Il monologo del burattino di Collodi



In mezzo ai due dialoghi è inserito il lungo racconto che il buratini fa delle sue recenti disavventure, di un'ampiezza simile solo a due altri monologhi del libro, ai capp. 17 e 24. In questo caso la regia stilistica di Collodi si avvale, molto significativamente, di tutt'altro registro rispetto al rimanente del capitolo. Dal punto di vista tematico il racconto di Pinocchio è dominato dall'ossessione della fame, che fa evidentemente aggio sul problema dei piedi bruciati, tanto che è l'unica cosa che dapprima Geppetto capisce della situazione; appunto fame ne è la parola chiave, eccezionale per insistenza nonostante la tendenza collodiana alla ripetizione, che abbiamo osservato in altri luoghi del capitolo.
È soprattutto lo stile sintattico a sterzare in questo vero e proprio pezzo di bravura di Collodi, azzeccatissima mimesi di un parlato del tutto particolare con cui lo scrittore cambia completamente le proprie carte in tavola. Quanto il suo fraseggiare è generalmente breve, limpido e razionale, messo ulteriormente in rilievo come tale dall'ariosità della paragrafratura, altrettanto il racconto di Pinocchio si aggroviglia in modo irrazionale per ben quindici righe, con un solo punto fermo da 32 a 38. Le subordinate sono minime, semplici, e i vari episodi di questa sorta di concentrato favolistico sono collegati quasi sempre dalla congiunzione e, spesso secondo lo schema oppositivo, tipico dell'egocentrismo del burattino, e lui – e io.
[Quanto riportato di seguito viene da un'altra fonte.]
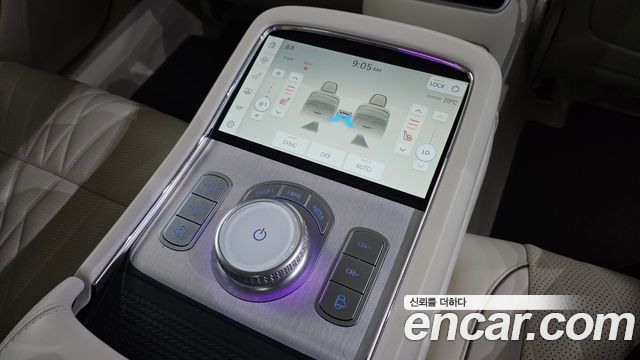 Genesis G90 2022 — photo 28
Questa cascata esprime inevitabilmente l'accumulazione e il disordine a dispetto dell'ordine che regola il rimanente del capitolo: nella rievocazione di Pinocchio saltano i rapporti temporali di prima – dopo a favore di un continuo hysteron proteron, e ancor più saltano i logici rapporti di causa ed effetto, ed è per questo che sentiamo di continuo in bocca al burattino delle pseudo – causali: prova ne sia, motivo per cui, perché avevo. E a sottolineare ancora immediatezza infantile e affannosità vertiginosa del racconto sta pure il fatto che mentre nei dialogati del capitolo Collodi varia attentamente, come visto, i verba dicendi, qui si sussegue in esclusiva dire, anche in enunciazioni molto ravvicinate; in ciò pure Pinocchio non sembra poter districarsi dal cumulo ossessivo e quasi inanalizzabile delle sue recenti avventure, che lo travolge costringendolo ad espressioni elementari e fortemente reiterate.